The Customer shall pay all invoiced amounts due to JCL in full within the time stated on JCL’s invoice. Time shall be of the essence with respect to the Customer’s payment of all invoices. The Customer shall make all payments in United States dollars by wire transfer, ACH, check, or such other method agreed upon by JCL in writing. If the payment due date is a Saturday, Sunday or holiday where banks located in the Commonwealth of Pennsylvania are authorized or required to be closed, the Customer shall make such payment on the first business day after such due date.In addition to all other legal, equitable, and contract rights, the Customer shall pay interest on all late payments at the lesser of the rate of five percent (5%) per month, compounded monthly, or the highest rate permissible under applicable law, calculated daily and compounded monthly, until the overdue amount has been paid in full. The Customer shall reimburse JCL for all costs incurred in collecting any late payments, including, without limitation, attorney’s fees.In addition to all other remedies available to JCL under these Terms and Conditions or at law (which JCL does not waive by the exercise of any rights hereunder), JCL shall be entitled to suspend the delivery of any Products or performance of any Services under this Agreement, or any other Agreement between JCL and the Customer, and may stop any Products in transit when: (i) in JCL’s opinion, the Customer’s financial condition or the state of the Customer’s account warrants it; (ii) delivery of Products or performance of Services is delayed because of any act or omission of the Customer; or (iii) the Customer is delinquent in payment of any amount owed to JCL.
The Customer shall not withhold payment of any amounts due and payable to JCL by reason of any set-off, exchange, collection, or any other charges, whether relating to JCL’s breach, bankruptcy, or otherwise.
- Delivery of Products.
The delivery date(s) provided by JCL are approximate only. JCL shall use commercially reasonable efforts to ship the Products within the time promised, but does not guarantee to do so, and assumes no liability for not doing so. Time for delivery is not of the essence and shall not be made so by the service of any notice.JCL may, in its sole discretion, without liability or penalty, make partial shipments of Products to the Customer. Each shipment will constitute a separate sale, and the Customer shall pay for the units shipped, in accordance with the terms of Section 4 herein, whether such shipment is in whole or partial fulfillment of the Customer's Purchase Order. The Customer shall pay for the actual quantity delivered.All shipping terms shall have the meaning set forth in the Uniform Commercial Code for domestic sales or in INCOTERMS™ 2020, as published by the International Chamber of Commerce, for international sales. Unless otherwise expressly stated in the Order Acknowledgment, , delivery will be made F.O.B. point of origin, title to and risk of loss of the Products will pass to the Customer at the point of origin, and the Products shall be deemed “delivered” at such time. Any claims for losses or damage occurring after JCL’s delivery of the Products to the carrier shall be made by the Customer directly with the carrier. The Customer assumes all risks and liability for results arising out of the Customer’s unloading, discharge, storage, handling and use of the Products, or arising out of the Customer’s compliance or non-compliance with federal, state, municipal or local laws and regulations with reference thereto.

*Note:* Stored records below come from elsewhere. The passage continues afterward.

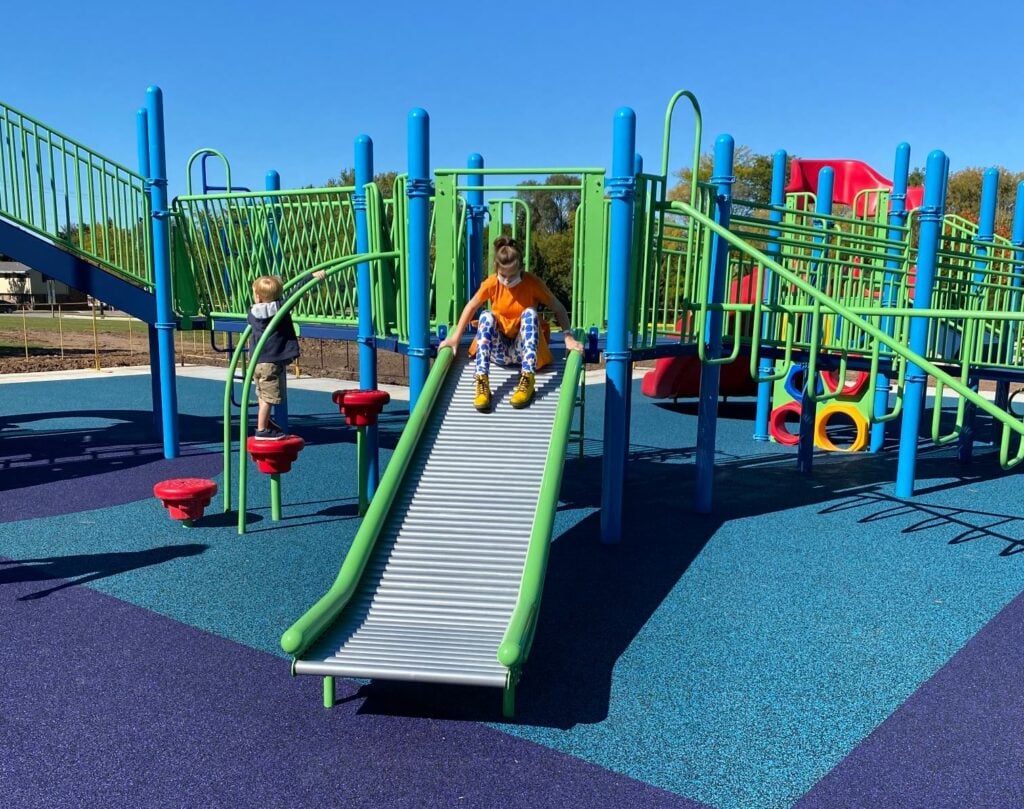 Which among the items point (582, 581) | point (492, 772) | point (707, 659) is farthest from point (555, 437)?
point (492, 772)

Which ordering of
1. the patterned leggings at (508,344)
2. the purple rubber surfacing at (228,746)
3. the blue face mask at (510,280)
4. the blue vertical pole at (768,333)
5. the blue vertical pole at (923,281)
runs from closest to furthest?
the purple rubber surfacing at (228,746)
the patterned leggings at (508,344)
the blue face mask at (510,280)
the blue vertical pole at (923,281)
the blue vertical pole at (768,333)

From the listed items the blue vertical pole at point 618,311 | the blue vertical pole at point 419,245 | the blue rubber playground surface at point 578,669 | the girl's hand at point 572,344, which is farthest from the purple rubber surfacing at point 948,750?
the blue vertical pole at point 419,245

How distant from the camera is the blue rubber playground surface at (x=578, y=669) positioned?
321 cm

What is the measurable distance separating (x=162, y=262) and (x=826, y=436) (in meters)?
8.16

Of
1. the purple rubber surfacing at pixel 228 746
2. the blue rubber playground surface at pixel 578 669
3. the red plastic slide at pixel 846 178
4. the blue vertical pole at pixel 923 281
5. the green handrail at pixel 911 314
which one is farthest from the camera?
the red plastic slide at pixel 846 178

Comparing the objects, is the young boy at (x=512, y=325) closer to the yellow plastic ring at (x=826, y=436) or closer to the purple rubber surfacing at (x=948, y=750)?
the purple rubber surfacing at (x=948, y=750)

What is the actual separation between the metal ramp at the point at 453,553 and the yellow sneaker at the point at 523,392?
0.19 feet

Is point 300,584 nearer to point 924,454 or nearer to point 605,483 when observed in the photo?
point 605,483

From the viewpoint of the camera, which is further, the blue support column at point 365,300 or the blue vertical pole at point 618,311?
the blue support column at point 365,300

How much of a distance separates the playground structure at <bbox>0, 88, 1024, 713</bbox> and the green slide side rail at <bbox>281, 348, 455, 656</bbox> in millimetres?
13

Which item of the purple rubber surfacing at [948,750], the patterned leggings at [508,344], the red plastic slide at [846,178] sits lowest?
the purple rubber surfacing at [948,750]

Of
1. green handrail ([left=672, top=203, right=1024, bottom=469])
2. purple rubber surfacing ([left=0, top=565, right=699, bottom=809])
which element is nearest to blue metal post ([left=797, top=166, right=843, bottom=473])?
green handrail ([left=672, top=203, right=1024, bottom=469])

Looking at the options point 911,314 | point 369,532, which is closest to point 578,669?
point 369,532

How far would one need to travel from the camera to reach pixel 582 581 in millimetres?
5473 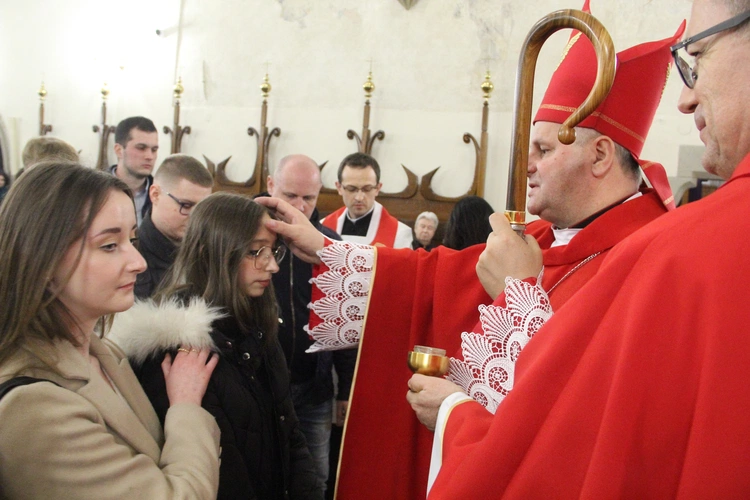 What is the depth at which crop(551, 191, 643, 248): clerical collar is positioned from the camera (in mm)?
1979

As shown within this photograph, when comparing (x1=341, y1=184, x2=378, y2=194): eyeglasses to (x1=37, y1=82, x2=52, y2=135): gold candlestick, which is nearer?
(x1=341, y1=184, x2=378, y2=194): eyeglasses

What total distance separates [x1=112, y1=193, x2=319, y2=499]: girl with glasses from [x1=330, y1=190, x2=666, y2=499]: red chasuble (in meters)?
0.18

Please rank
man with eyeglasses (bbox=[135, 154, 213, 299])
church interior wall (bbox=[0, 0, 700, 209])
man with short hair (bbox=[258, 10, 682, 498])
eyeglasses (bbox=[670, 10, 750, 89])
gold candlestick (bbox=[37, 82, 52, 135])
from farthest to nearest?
gold candlestick (bbox=[37, 82, 52, 135]) → church interior wall (bbox=[0, 0, 700, 209]) → man with eyeglasses (bbox=[135, 154, 213, 299]) → man with short hair (bbox=[258, 10, 682, 498]) → eyeglasses (bbox=[670, 10, 750, 89])

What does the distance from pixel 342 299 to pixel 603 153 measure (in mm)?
933

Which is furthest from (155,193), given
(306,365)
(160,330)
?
(160,330)

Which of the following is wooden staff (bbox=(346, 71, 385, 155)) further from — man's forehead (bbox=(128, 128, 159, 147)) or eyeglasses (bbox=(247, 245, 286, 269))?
eyeglasses (bbox=(247, 245, 286, 269))

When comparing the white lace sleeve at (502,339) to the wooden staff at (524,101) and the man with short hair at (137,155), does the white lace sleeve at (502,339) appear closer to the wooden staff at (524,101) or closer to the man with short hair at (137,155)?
the wooden staff at (524,101)

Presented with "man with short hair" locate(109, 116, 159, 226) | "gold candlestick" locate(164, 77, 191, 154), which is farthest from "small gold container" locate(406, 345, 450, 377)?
"gold candlestick" locate(164, 77, 191, 154)

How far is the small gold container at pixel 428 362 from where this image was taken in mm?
1581

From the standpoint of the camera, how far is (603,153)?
1.98 metres

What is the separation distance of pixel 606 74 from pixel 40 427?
1.35 meters

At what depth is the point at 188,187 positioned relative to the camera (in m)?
3.12

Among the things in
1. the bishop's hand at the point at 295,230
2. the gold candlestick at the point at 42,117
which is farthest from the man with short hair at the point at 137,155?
the gold candlestick at the point at 42,117

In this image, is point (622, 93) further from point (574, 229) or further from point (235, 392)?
point (235, 392) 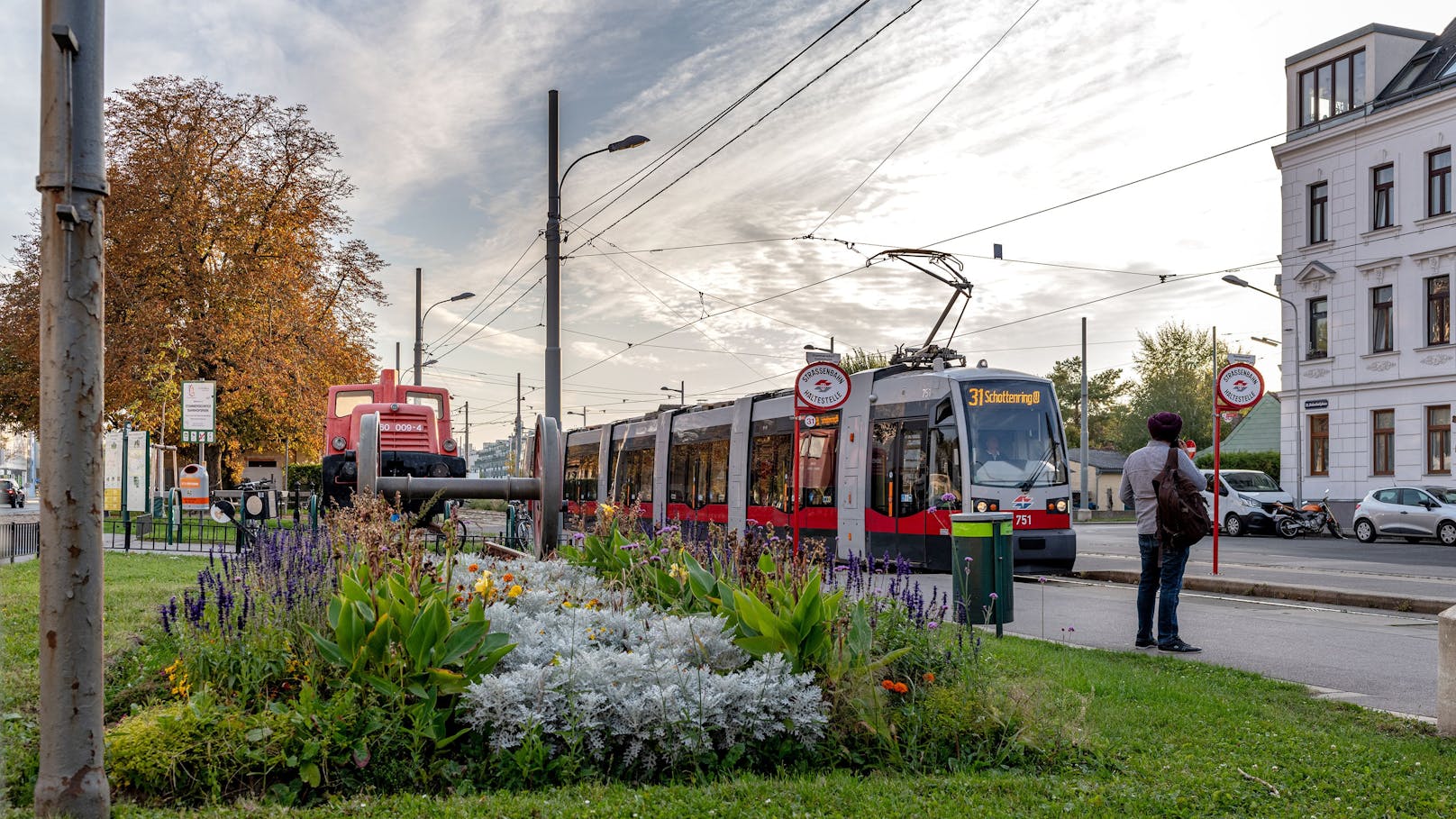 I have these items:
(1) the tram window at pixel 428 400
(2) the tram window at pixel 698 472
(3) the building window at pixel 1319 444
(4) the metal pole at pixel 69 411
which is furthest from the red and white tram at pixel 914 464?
(3) the building window at pixel 1319 444

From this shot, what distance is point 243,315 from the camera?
110ft

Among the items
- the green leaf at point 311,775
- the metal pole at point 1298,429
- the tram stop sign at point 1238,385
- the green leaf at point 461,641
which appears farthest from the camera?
the metal pole at point 1298,429

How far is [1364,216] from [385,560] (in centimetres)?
3616

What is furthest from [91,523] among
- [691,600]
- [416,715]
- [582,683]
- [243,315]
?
[243,315]

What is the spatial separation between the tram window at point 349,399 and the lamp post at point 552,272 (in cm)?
715

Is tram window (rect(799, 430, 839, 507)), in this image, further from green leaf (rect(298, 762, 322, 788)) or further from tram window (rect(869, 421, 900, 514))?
green leaf (rect(298, 762, 322, 788))

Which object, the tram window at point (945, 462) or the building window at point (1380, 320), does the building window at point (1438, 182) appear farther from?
the tram window at point (945, 462)

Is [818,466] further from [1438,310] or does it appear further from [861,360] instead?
[861,360]

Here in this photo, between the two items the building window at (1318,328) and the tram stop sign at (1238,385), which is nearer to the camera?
the tram stop sign at (1238,385)

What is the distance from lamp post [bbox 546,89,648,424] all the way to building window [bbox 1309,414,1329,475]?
1141 inches

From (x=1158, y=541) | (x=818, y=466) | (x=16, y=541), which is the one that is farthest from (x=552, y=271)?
(x=1158, y=541)

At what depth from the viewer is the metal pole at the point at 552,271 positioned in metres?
15.5

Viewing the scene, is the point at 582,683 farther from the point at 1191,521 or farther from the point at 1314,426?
the point at 1314,426

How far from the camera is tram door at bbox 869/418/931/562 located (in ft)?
53.3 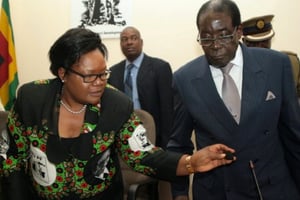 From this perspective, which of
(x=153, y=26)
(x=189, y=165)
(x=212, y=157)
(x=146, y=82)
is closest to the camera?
(x=212, y=157)

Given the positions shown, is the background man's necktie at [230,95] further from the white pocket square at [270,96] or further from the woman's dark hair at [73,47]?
the woman's dark hair at [73,47]

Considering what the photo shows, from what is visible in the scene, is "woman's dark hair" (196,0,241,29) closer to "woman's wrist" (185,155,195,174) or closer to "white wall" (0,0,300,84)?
"woman's wrist" (185,155,195,174)

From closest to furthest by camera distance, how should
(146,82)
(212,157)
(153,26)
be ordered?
(212,157) → (146,82) → (153,26)

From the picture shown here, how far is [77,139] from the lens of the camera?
1561 mm

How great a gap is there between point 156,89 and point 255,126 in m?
1.98

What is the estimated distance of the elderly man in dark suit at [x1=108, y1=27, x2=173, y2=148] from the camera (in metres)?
3.36

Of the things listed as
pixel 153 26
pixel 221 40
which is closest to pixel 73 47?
pixel 221 40

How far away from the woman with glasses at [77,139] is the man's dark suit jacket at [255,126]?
10 centimetres

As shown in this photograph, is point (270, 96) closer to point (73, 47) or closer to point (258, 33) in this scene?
point (73, 47)

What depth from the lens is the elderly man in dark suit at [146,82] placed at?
3362 mm

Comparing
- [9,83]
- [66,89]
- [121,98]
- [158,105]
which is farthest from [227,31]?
[9,83]

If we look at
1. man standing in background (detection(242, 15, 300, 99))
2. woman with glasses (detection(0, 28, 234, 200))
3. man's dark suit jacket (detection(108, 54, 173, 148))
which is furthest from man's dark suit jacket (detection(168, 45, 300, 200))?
man's dark suit jacket (detection(108, 54, 173, 148))

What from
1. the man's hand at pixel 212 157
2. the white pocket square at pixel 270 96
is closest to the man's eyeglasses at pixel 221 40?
the white pocket square at pixel 270 96

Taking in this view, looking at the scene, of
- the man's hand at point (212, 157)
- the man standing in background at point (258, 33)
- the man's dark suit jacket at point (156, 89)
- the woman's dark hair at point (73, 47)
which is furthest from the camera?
the man's dark suit jacket at point (156, 89) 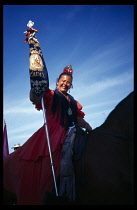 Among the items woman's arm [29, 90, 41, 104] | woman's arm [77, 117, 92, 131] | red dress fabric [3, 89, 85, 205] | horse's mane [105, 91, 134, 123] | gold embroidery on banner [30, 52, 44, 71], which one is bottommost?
red dress fabric [3, 89, 85, 205]

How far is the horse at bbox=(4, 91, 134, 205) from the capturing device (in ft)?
8.45

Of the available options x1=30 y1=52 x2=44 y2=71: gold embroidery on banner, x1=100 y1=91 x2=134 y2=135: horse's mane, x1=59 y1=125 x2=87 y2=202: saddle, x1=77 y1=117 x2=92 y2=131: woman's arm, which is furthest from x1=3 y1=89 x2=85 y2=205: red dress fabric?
x1=100 y1=91 x2=134 y2=135: horse's mane

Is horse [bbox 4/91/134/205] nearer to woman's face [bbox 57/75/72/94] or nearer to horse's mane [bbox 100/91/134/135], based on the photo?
horse's mane [bbox 100/91/134/135]

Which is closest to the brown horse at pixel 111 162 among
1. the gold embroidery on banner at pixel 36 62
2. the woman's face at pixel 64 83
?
the woman's face at pixel 64 83

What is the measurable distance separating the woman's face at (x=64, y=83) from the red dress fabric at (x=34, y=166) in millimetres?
611

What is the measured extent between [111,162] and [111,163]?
2 cm

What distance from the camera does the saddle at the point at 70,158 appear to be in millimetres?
3039

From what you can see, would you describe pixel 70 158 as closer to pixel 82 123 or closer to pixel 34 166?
pixel 34 166

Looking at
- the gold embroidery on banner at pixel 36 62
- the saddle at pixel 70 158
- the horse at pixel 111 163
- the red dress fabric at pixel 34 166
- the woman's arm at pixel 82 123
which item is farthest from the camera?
the woman's arm at pixel 82 123

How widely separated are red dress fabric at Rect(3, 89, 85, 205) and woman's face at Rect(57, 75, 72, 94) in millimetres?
611

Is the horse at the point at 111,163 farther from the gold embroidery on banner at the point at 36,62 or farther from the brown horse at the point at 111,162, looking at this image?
the gold embroidery on banner at the point at 36,62

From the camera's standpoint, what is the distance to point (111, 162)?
277 cm

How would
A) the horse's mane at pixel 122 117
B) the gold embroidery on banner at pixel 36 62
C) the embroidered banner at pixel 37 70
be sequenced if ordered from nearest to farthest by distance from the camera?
the horse's mane at pixel 122 117
the embroidered banner at pixel 37 70
the gold embroidery on banner at pixel 36 62

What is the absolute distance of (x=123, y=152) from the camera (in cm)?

If for any reason the Customer fails to accept delivery of any of the Products, or if JCL is unable to deliver any of the Products because the Customer has not provided appropriate instructions, documents, licenses or authorizations: (i) risk of loss to the Products shall pass to the Customer; (ii) the Products shall be deemed to have been delivered; and (iii) JCL, at its option, may store the Products until the Customer picks them up, whereupon the Customer shall be liable for all related costs and expenses (including, without limitation, storage, and insurance).
JCL shall not be liable in damage for, nor demand to be in default by reason of, any failure to deliver or delay in delivery due to any cause beyond its reasonable control, including but not limited to, delays caused by fire, the elements, war, labor difficulties, interruptions or shortage of transportation, inability to obtain supplies or any other cause that interferes with JCL’s production facilities or those of its sources of supply. Each order is made subject to all present and future government laws, orders, regulations or restrictions affecting or limiting the supply of materials or the production or delivery of materials or products. During any period in which any of the contingencies described above exists, JCL will allocate deliveries of its products among its customers in any manner which it determines, in its sole discretion, to be fair and reasonable.
- Performance of Services.
The performance date(s) provided JCL are approximate only. JCL shall use commercially reasonable efforts to perform the Services within the time promised, but does not guarantee to do so, and assumes no liability for not doing so. Time for performance is not of the essence and shall not be made so by the service of any notice.The Customer shall (i) cooperate with JCL in all matters relating to the Services; (ii) respond promptly to any request by JCL to provide direction, information, approvals, authorizations, or decisions that are reasonably necessary for JCL to perform the Services in accordance with the requirements of this Agreement; (iii) provide such customer materials or information as JCL may reasonably request to carry out the Services in a timely manner and ensure that such customer materials or information are complete and accurate in all material respects; and (iv) obtain and maintain all necessary licenses and consents and comply with all applicable laws in relation to the Services before the date on which the Services are to start. - Purchase-Money Security Interest. As collateral security for payment of the Price and performance by the Customer of all of its obligations under this Agreement, the Customer hereby grants to JCL a lien on and security interest in and to all of the right, title, and interest of the Customer in, to, and under the Products, wherever located, and whether now existing or hereafter arising or acquired from time to time, and in all accessions thereto and replacements or modifications thereof, as well as all proceeds (including insurance proceeds) of the foregoing. The security interest granted under this Section 7 constitutes a purchase money security interest under Division 9 of the Pennsylvania Uniform Commercial Code. JCL reserves the right, and the Customer hereby authorizes JCL, to file such appropriate financing statements to perfect its security interest in the Products, and the Customer shall execute any such statements or other documentation necessary to perfect JCL’s security interest in the Products.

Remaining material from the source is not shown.